◆ **Assigned task**
Scan the records below for the line containing "Lake Travis proposal" and the line containing "Pelajar tahfiz dan". Copy both, plus every line between, exactly.

##### Provided records

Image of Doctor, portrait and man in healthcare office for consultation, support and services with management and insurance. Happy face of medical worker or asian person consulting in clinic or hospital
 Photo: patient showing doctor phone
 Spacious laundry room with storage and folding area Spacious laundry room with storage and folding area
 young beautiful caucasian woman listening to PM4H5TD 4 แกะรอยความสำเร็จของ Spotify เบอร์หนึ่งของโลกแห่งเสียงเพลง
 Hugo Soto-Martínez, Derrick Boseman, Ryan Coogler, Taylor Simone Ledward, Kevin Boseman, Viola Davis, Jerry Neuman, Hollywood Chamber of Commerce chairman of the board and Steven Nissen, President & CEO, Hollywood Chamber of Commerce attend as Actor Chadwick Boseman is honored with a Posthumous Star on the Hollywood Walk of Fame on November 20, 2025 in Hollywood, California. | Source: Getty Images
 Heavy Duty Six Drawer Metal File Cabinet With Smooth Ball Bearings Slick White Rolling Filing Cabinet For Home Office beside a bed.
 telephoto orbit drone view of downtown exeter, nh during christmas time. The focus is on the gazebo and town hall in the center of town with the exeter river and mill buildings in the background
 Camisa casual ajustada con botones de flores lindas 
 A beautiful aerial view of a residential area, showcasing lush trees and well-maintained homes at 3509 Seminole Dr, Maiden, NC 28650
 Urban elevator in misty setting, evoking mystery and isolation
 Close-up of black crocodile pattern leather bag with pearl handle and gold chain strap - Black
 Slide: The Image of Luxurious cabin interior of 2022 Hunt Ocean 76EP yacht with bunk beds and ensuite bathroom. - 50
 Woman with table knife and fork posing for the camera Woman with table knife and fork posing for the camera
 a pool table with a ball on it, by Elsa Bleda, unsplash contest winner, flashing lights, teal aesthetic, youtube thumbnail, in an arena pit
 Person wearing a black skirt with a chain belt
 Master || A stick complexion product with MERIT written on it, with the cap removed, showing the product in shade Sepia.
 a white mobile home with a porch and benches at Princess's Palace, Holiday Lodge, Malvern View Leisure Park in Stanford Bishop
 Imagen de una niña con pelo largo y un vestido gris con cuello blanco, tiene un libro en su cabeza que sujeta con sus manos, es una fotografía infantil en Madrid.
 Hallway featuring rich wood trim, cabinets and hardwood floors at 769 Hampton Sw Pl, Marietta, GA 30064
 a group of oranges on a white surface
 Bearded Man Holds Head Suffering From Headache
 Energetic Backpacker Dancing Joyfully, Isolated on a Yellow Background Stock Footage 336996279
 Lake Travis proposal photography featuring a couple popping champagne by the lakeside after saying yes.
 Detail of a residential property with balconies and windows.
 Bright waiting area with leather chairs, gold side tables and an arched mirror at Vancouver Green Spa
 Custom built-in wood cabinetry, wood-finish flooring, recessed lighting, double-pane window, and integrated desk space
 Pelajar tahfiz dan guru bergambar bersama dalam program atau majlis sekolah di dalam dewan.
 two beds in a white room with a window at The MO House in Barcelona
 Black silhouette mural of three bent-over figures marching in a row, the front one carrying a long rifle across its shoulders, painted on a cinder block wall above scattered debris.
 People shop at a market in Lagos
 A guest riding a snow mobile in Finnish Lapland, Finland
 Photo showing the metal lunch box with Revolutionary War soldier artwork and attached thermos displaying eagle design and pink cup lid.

##########

◆ **Answer to this exercise**
 Lake Travis proposal photography featuring a couple popping champagne by the lakeside after saying yes.
 Detail of a residential property with balconies and windows.
 Bright waiting area with leather chairs, gold side tables and an arched mirror at Vancouver Green Spa
 Custom built-in wood cabinetry, wood-finish flooring, recessed lighting, double-pane window, and integrated desk space
 Pelajar tahfiz dan guru bergambar bersama dalam program atau majlis sekolah di dalam dewan.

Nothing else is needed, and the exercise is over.